Gonzalo Lizardo
Este Sábado de Gloria, tras una comida
sobria pero deliciosa en casa de mis papás, me preguntó mi madre si yo, en
definitiva, creía o no en Dios. Su pregunta me tomó por sorpresa, pues yo nunca
había ocultado mi escepticismo religioso y suponía que ella lo toleraba
mientras yo cumpliera con las devociones que ella ha impuesto en su casa, como
bendecir las comidas y rezar el rosario en fechas especiales. Así que, para no
enredarme con sutilezas neobarrocas, le respondí con la cita que suele
atribuirse a Einstein: “si debo creer en algún Dios, sólo podría creer en el
Dios de Spinoza”: un Dios impersonal, que se manifiesta como un orden universal
a través de las leyes de la Naturaleza.
La respuesta
no la satisfizo porque ella, como casi todo católico, prefiere creer en un Dios
antropomorfo y patriarcal, capaz de oír millones de plegarias simultáneas y de
hacer milagros con sus manos y su voz. Esta imagen fue impuesta por las
Escrituras, que lo describen como a un anciano: “su vestidura era blanca como
la nieve, y el cabello de su cabeza como lana pura, su trono, llamas de fuego”.[1]

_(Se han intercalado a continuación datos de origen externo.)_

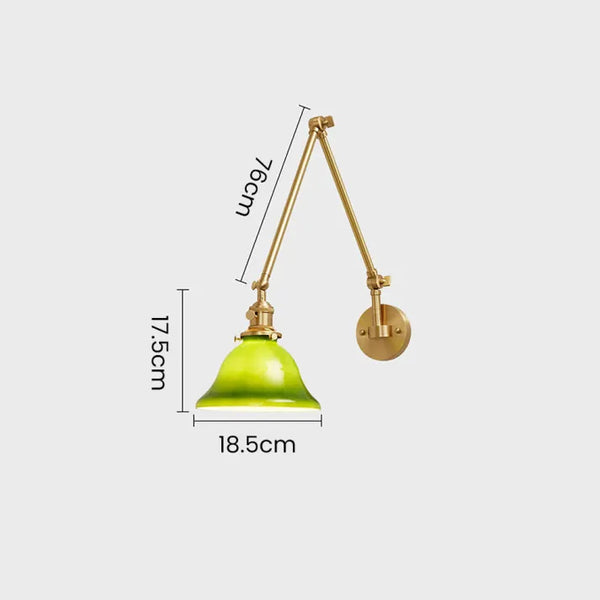 Einstellbar Vintage-Wandlampe aus grünem Glas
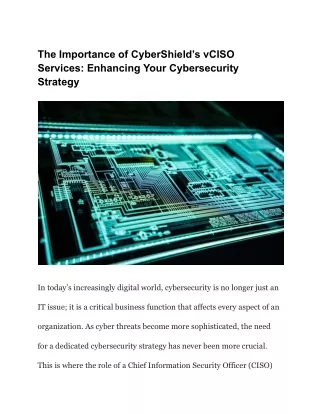 The Importance of CyberShield’s vCISO Services_ Enhancing Your Cybersecurity Strategy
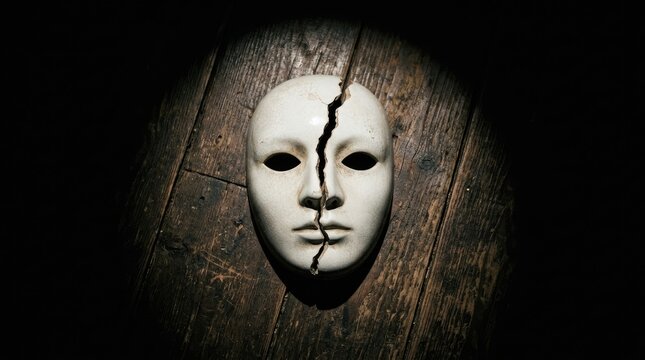 Broken white mask with crack down the middle on a dark wooden background surface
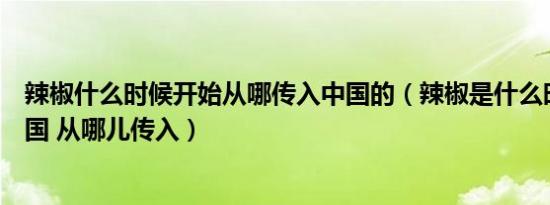 辣椒什么时候开始从哪传入中国的（辣椒是什么时候传入中国 从哪儿传入）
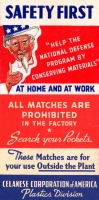 Safety First and Uncle Sam image, World War II matchbook cover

Incluso Jesucristo suscribe esta imagen cuando afirma que los ángeles
“contemplan siempre el rostro de mi padre que está en los cielos”.[2]
Aun así, para
algunos teólogos católicos estas imágenes no son sino metáforas poéticas. El
jesuita Nieremberg, por ejemplo, imaginó un dios sin forma humana, cuya esencia
estaba en todas partes y sus límites en ninguna. Para explicarlo, argumentó que
las creaturas poseen cuerpo solamente para satisfacer sus necesidades: las
plantas requieren de raíces para extraer alimento; los animales de piernas para
perseguir su presa o para huir de sus predadores; los hombres de manos porque
no pueden hacer nada sólo con quererlo. En cambio, “Dios no tiene nada de esto,
porque no tiene ninguna imperfección […] ni tiene pies, ni manos, ni cabeza, ni
aumento, ni ojos, ni oídos, ni trabajo de discurso, ni mudanza de movimiento,
porque es inmenso, impasible, inmutable, inmortal, eterno, omnipotente,
sapientísimo”.[3]
Pese a su
semejanza con el dios de Spinoza, esta imagen abstracta y panteísta de Dios fue
divulgada en los siglos barrocos por influjo del humanismo neoplatónico. Aunque
la toleró de mala gana dentro de sus círculos intelectuales, la Iglesia
prefirió difundir ante el vulgo la de un Dios antropomorfo y patriarcal, pues
tenía dos ventajas: por un lado era más fotogénica ante los feligreses y, por
el otro, sustentaba mejor el Poder absoluto de los reyes y de los papas, esos
dioses terrenales, sentados en sus tronos de fuego.
[1] Daniel 7, 9.
[2] Mateo 18, 10.
[3] Nieremberg, Juan Eusebio, De la hermosura de Dios y su amabilidad,
Biblioteca del Apostolado de la Prensa, Madrid 1904, p. 57.